# [What you should do]
Return each line exactly, from the one that has "Żel do golenia" through the end of the entries, both ends included. Pictures do not belong.

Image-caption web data
..............................

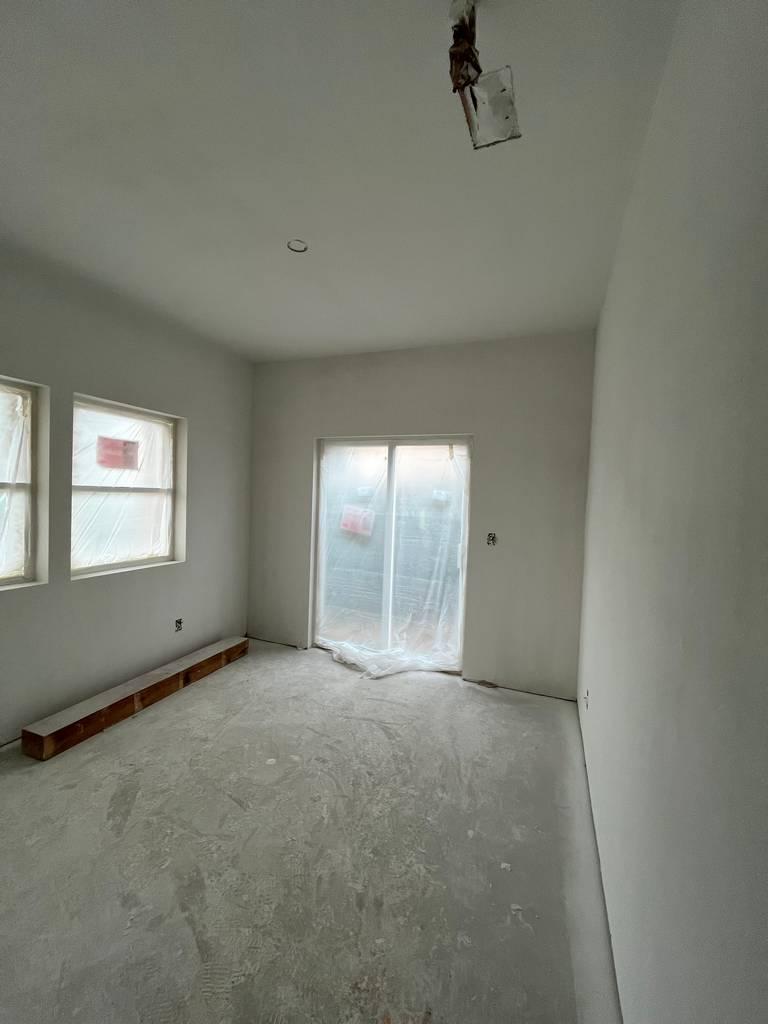 Interior remodel with drywall hung and seams taped.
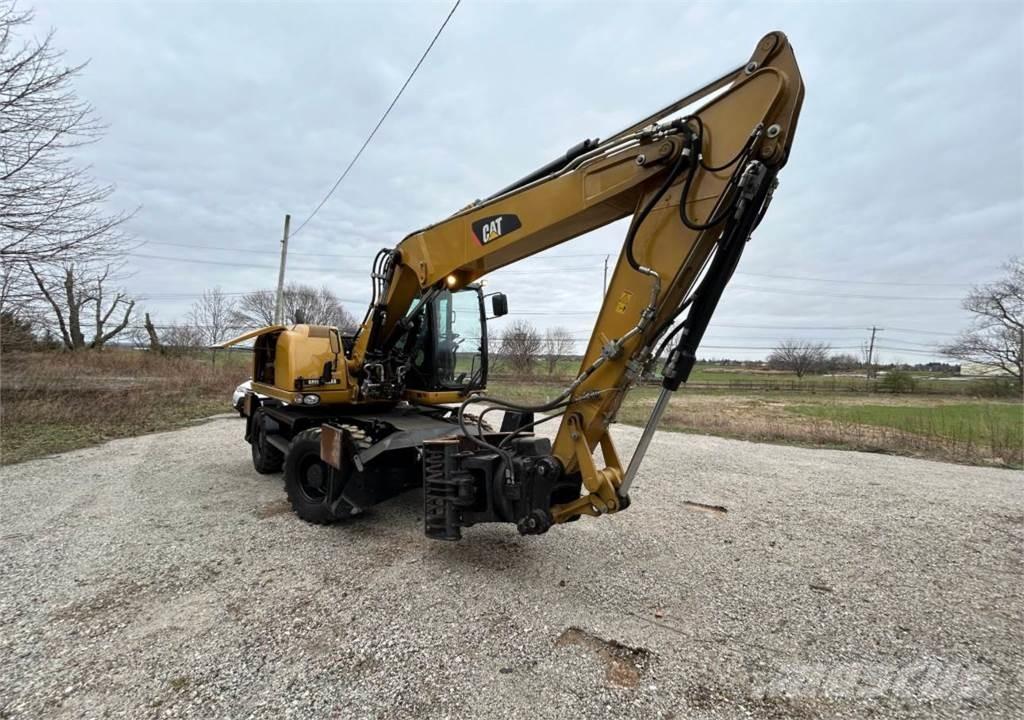 CAT M313D Escavatori gommati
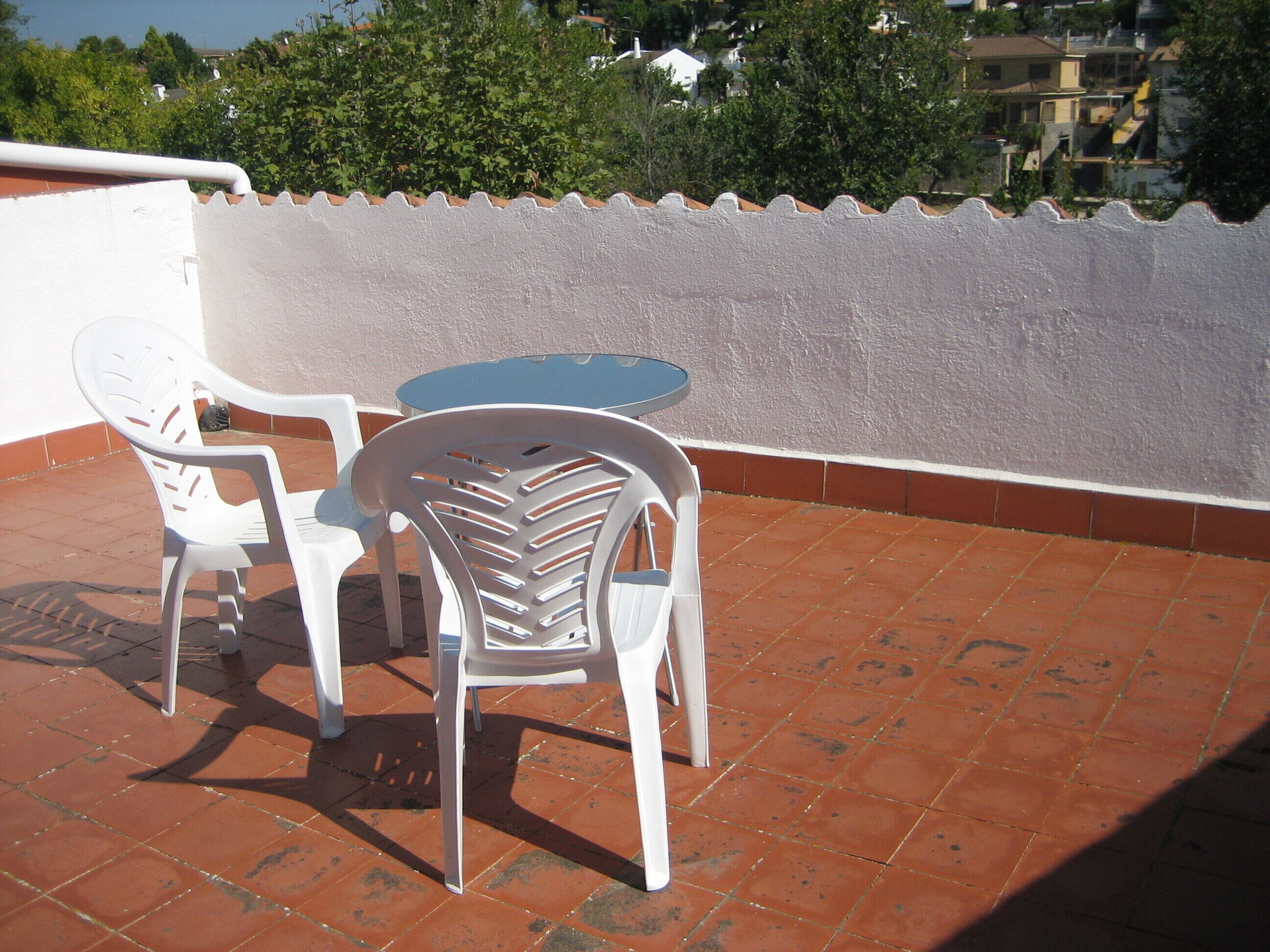 A terrace with a table and two chairs, a white wall, and a tiled floor.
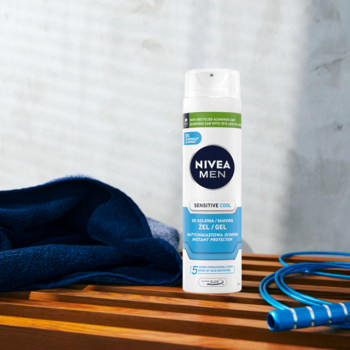Żel do golenia NIVEA MEN Sensitive Cool 200ml w białej butelce, na drewnianej ławce z ręcznikiem i skakanką.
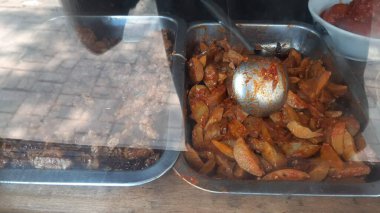 İki metal tepside Endonezya yemekleri sergileniyor: Tempeh ve baharatlı patates ve kepçe. Yiyecekler camın arkasında, tahta bir yüzeyde..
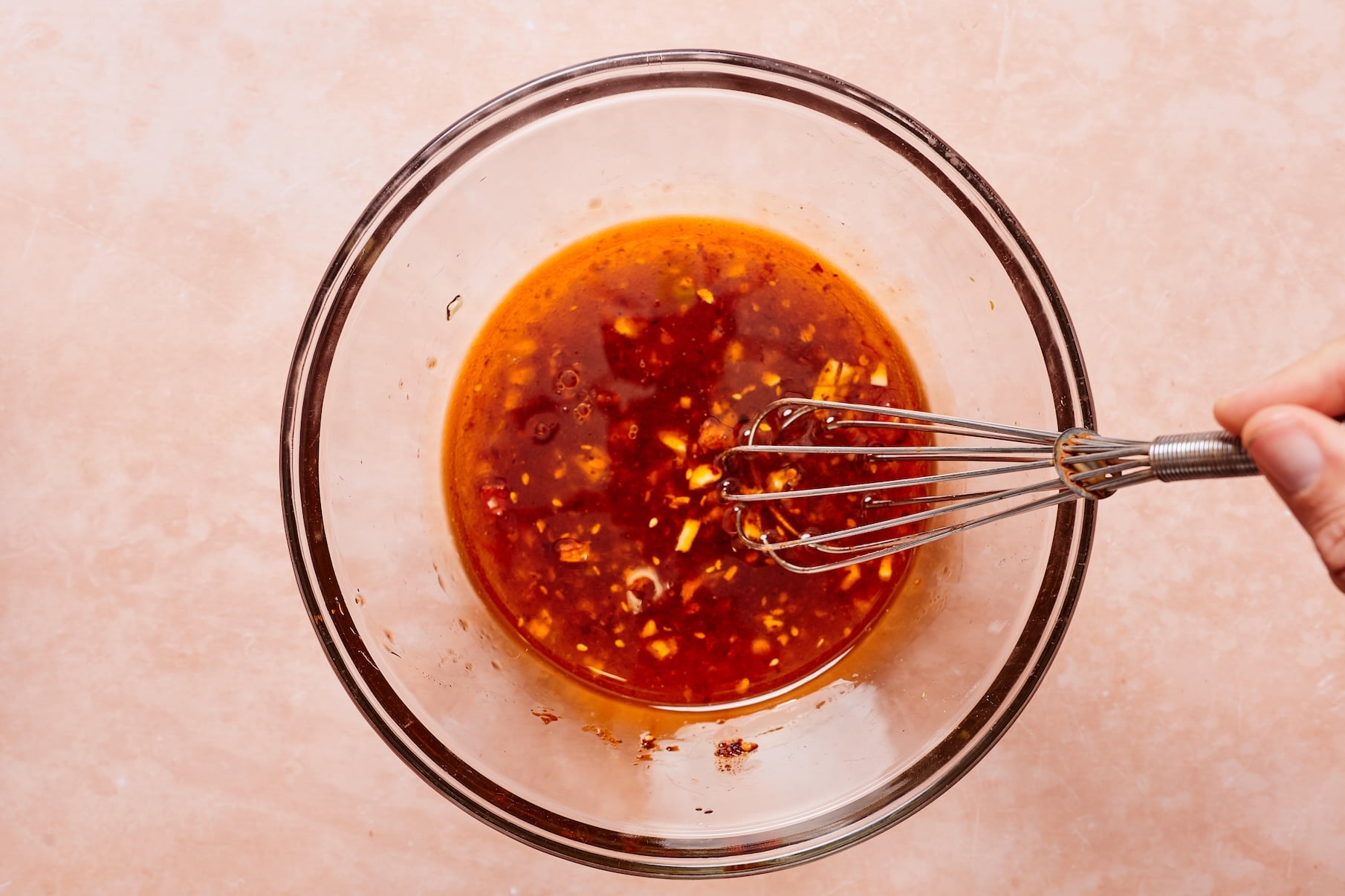Ginger sesame dressing ingredients being whisked together in a small glass bowl.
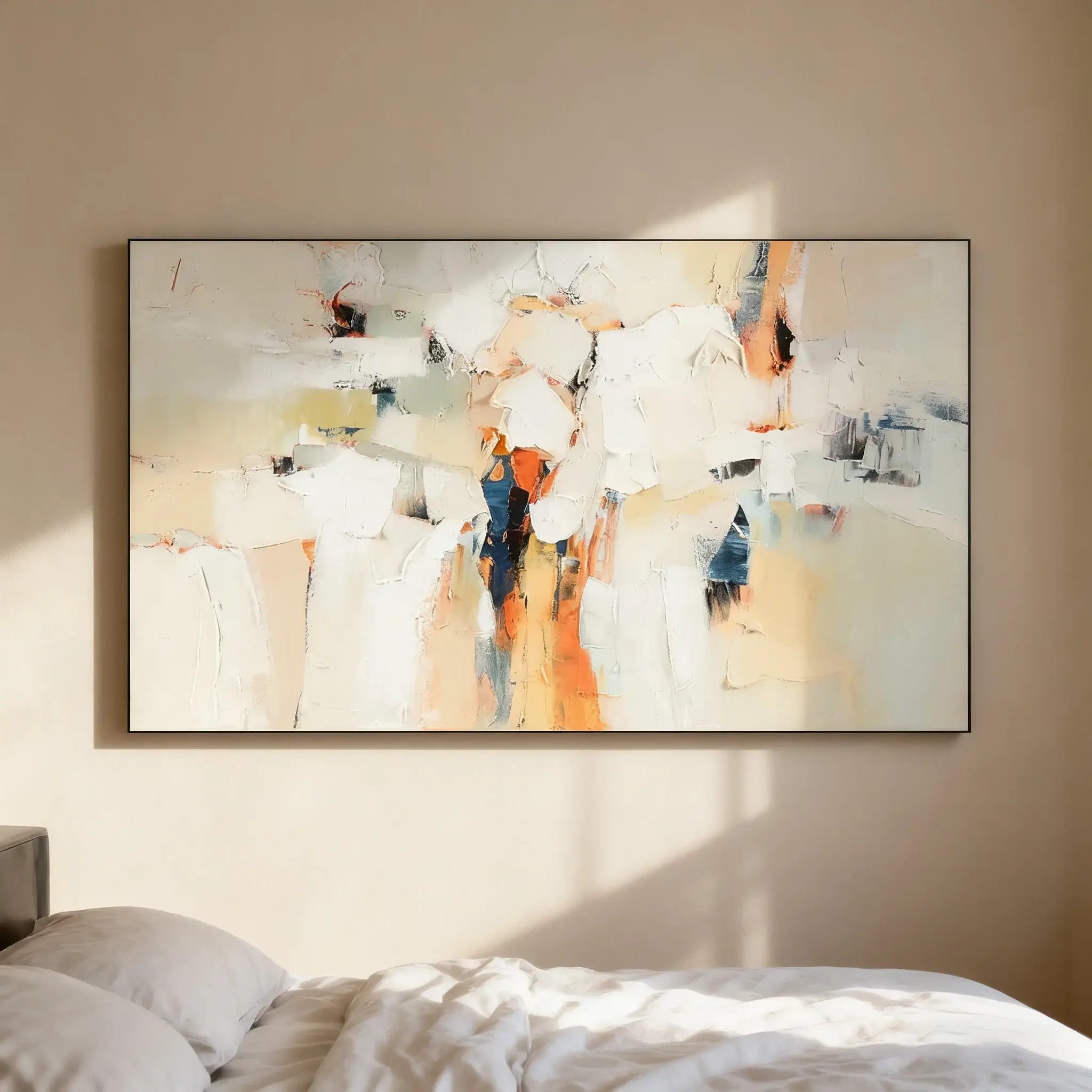 Abstract art painting on a wall in a room with bedding.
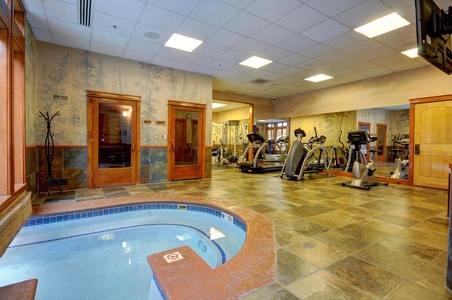 Image of a fitness center with exercise equipment, a sauna, and a small indoor pool. The room has tiled flooring and wooden decor elements.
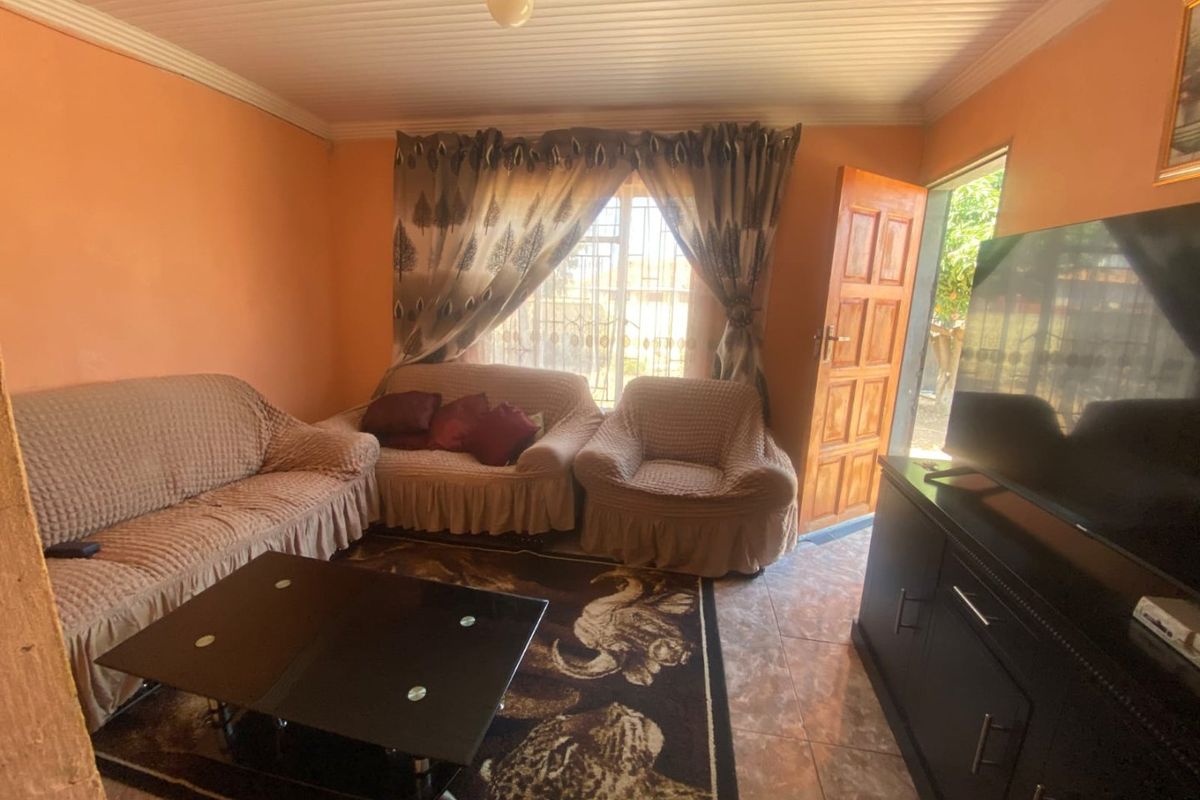 A living room featuring tiled flooring, a wooden entrance door, and a window with security bars, providing access to the exterior.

..............................

# [Result of this exercise]
Żel do golenia NIVEA MEN Sensitive Cool 200ml w białej butelce, na drewnianej ławce z ręcznikiem i skakanką.
 İki metal tepside Endonezya yemekleri sergileniyor: Tempeh ve baharatlı patates ve kepçe. Yiyecekler camın arkasında, tahta bir yüzeyde..
Ginger sesame dressing ingredients being whisked together in a small glass bowl.
 Abstract art painting on a wall in a room with bedding.
 Image of a fitness center with exercise equipment, a sauna, and a small indoor pool. The room has tiled flooring and wooden decor elements.
 A living room featuring tiled flooring, a wooden entrance door, and a window with security bars, providing access to the exterior.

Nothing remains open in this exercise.